The Blue Mountain Echo, also published as The Blue Mountain Star, The Katoomba Daily, The Blue Mountains Daily, and The Blue Mountains Echo was a semi-weekly English language newspaper published in Katoomba, New South Wales, Australia.

==History==
The paper, published from 1909-1939, changed names several times in its history.

| Title | Dates |
|---|---|
| The Blue Mountain Echo | 1909-1928 |
| The Blue Mountain Star | 1929-1932 |
| The Katoomba daily | 1920-1939 |
| The Blue Mountains Daily | 1939 |
| The Blue Mountains Echo | 1939 |

The paper was initially published under the management of James C. Hart of Mountaineer Printing and Publishing Company. Following his retirement, Robert Villiers Smythe took over management and remained with the paper as editor until November 1928. With new management came a change of name, as the paper was published from 1929 as The Blue Mountain Star.
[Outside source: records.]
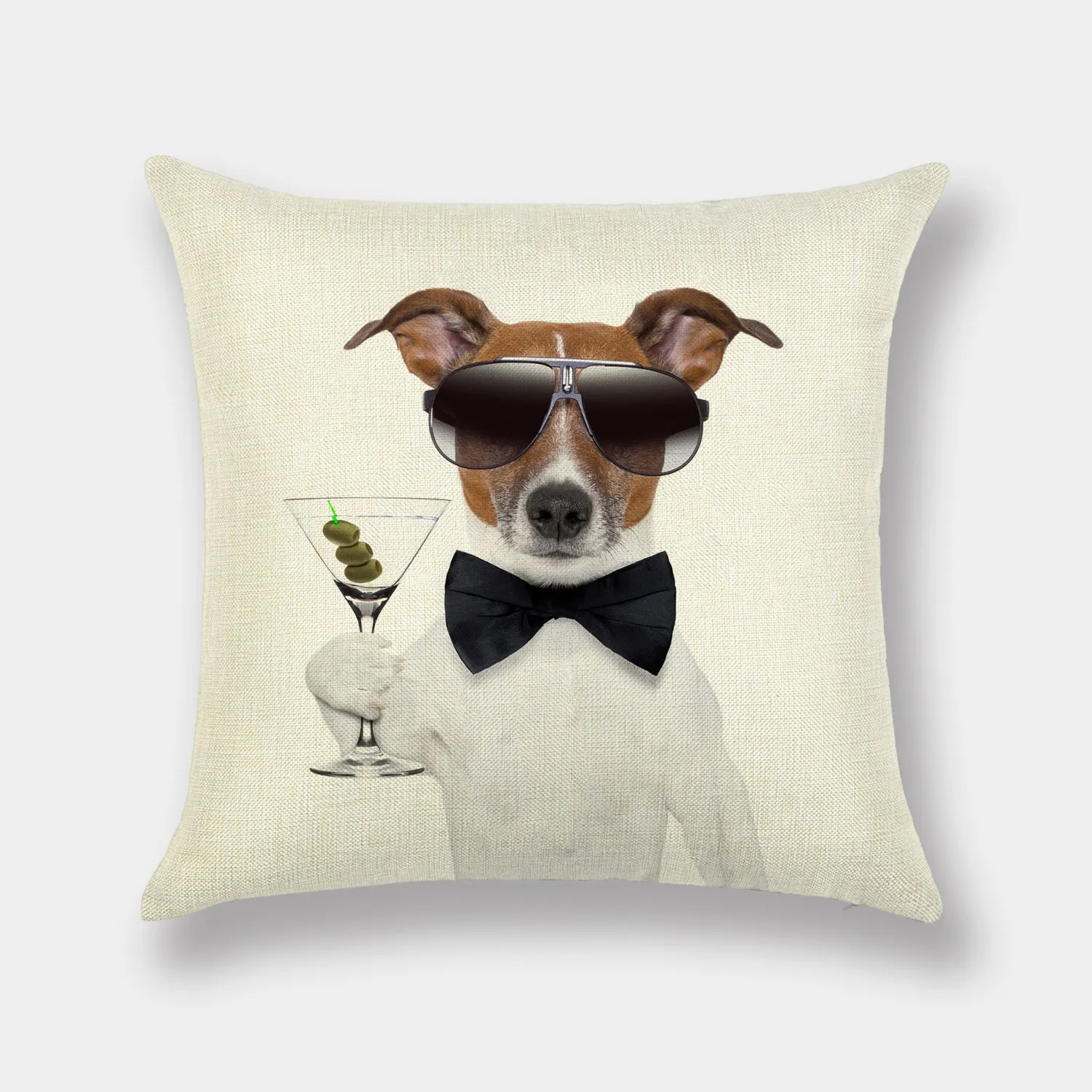 Housse de coussin 50 x 50 cm
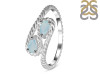 Blue Chalcedony Ring BLX-RDR-2645.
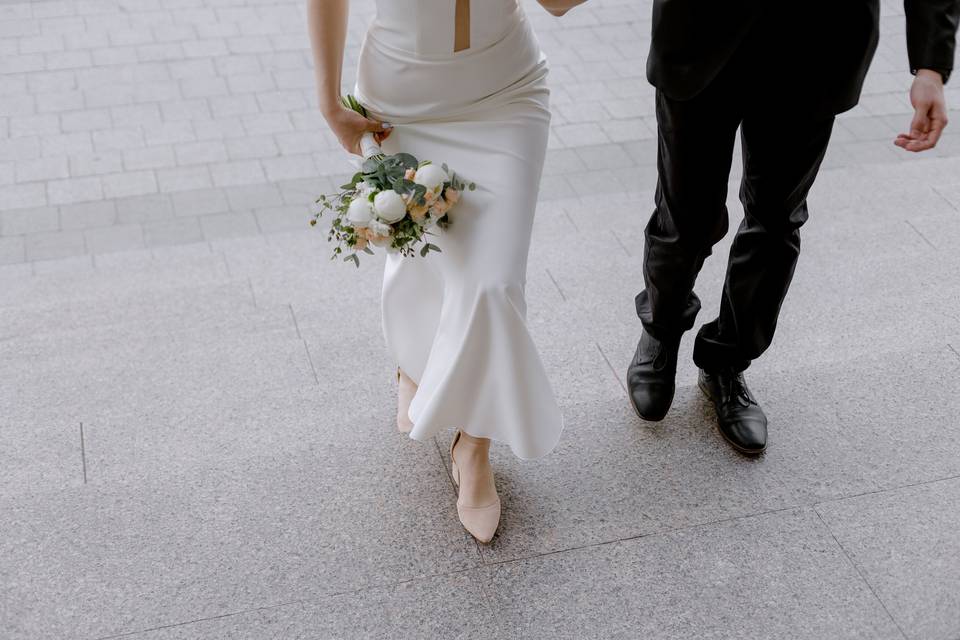Walk into your Reception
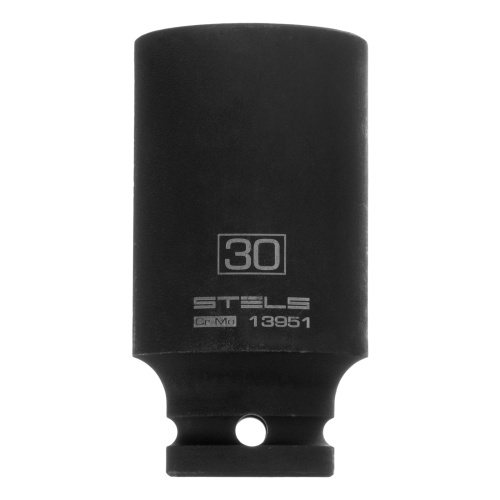 Головка ударная удлиненная шестигранная, 30 мм, 1/2, CrMo Stels купить в Москве с доставкой по всей России | ProtosMarket.ru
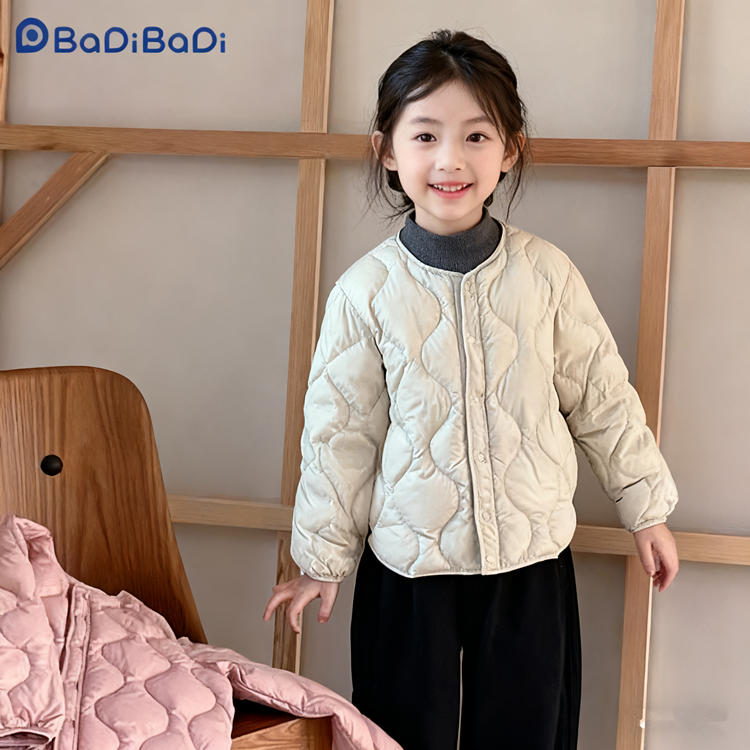 儿童轻薄款夹棉服内胆短款男女童中大童小童学生校服神器内搭外套,淘宝优惠券,粉丝福利购,淘宝优惠卷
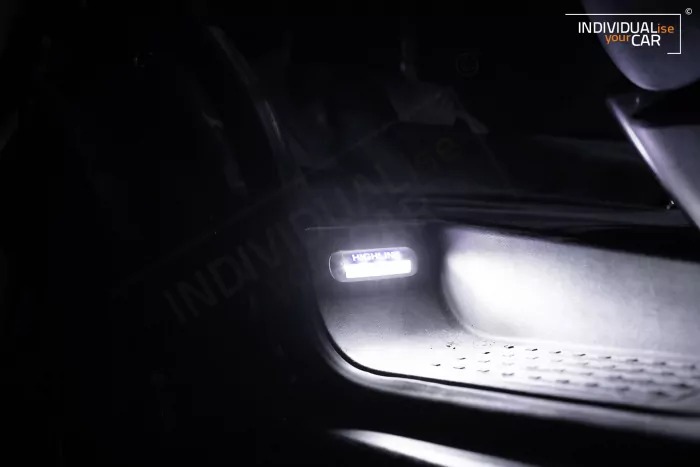 LED Innenraumbeleuchtung SET für VW T5 Multivan - Pure-White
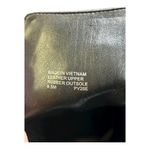 Michael Kors Elegant Black Women’s Leather Peep-Toe Ankle Boots size 9.5 Photo 5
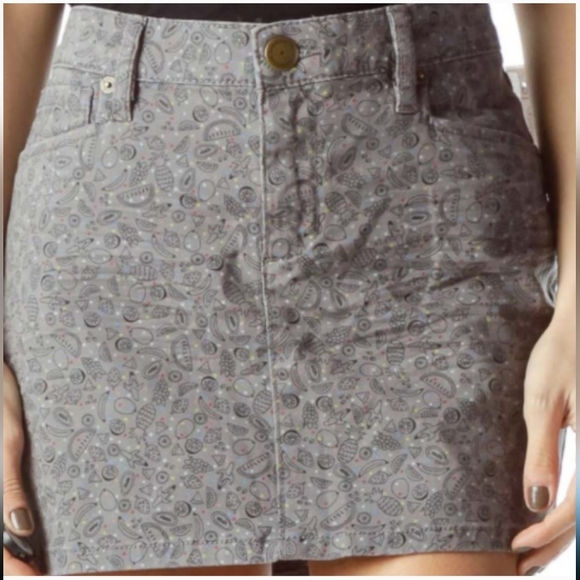 2/$20 BCBG Generation Denim Skirt, Gray Skirt - Picture 2 of 13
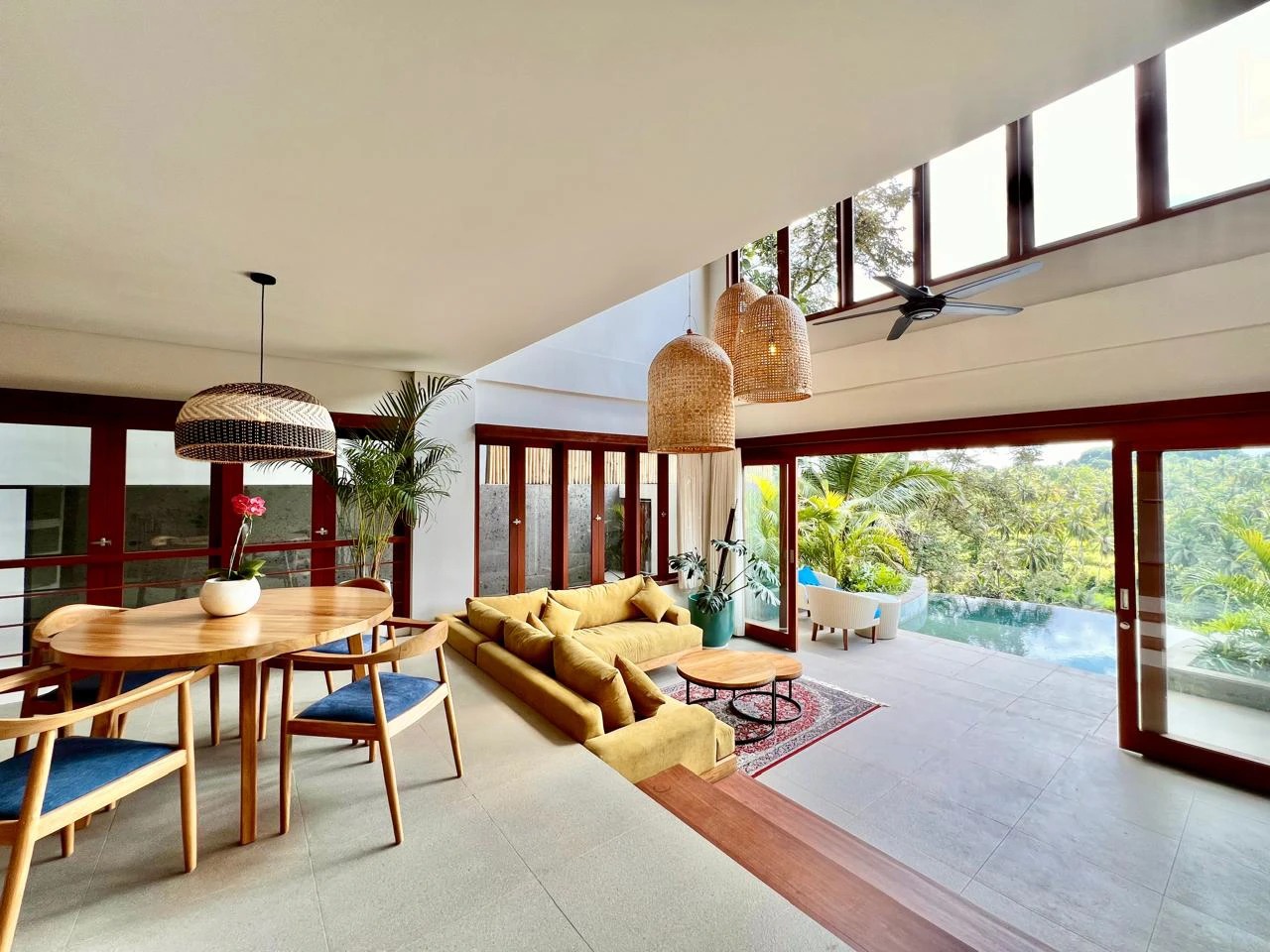 Exclusive 1BR Valley-View Villa w/ Ayung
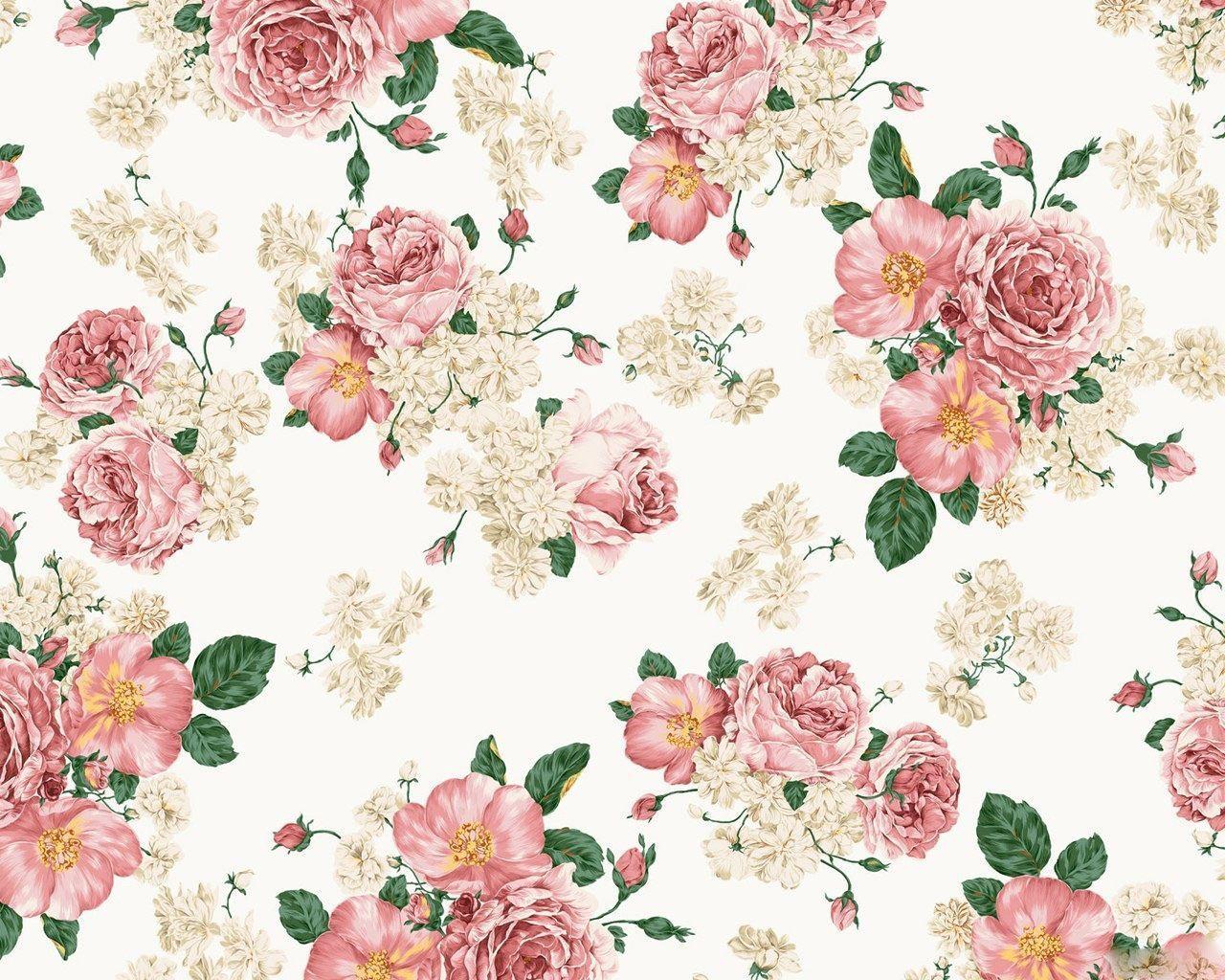 1280x1024 Background Roses Wallpaper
The Blue Mountain Star was edited by Victor Yeoman Mathias during its brief publication history, before it was absorbed into the Katoomba Daily in 1932. First published in 1920, in its early years the Katoomba Daily had been printed and published by Robert Clyde Packer before printing moved to Katoomba in 1924. Other editors included Austin Mays, Sydney Lochlan Ward and Edmund Joseph Collins.

The paper changed name twice in 1939, first to the Blue Mountains Daily in February and then in May to the Blue Mountains Echo, which ceased publication shortly afterwards.

==Digitisation==
The Blue Mountain Echo has been digitised as part of the Australian Newspapers Digitisation Program project of the National Library of Australia.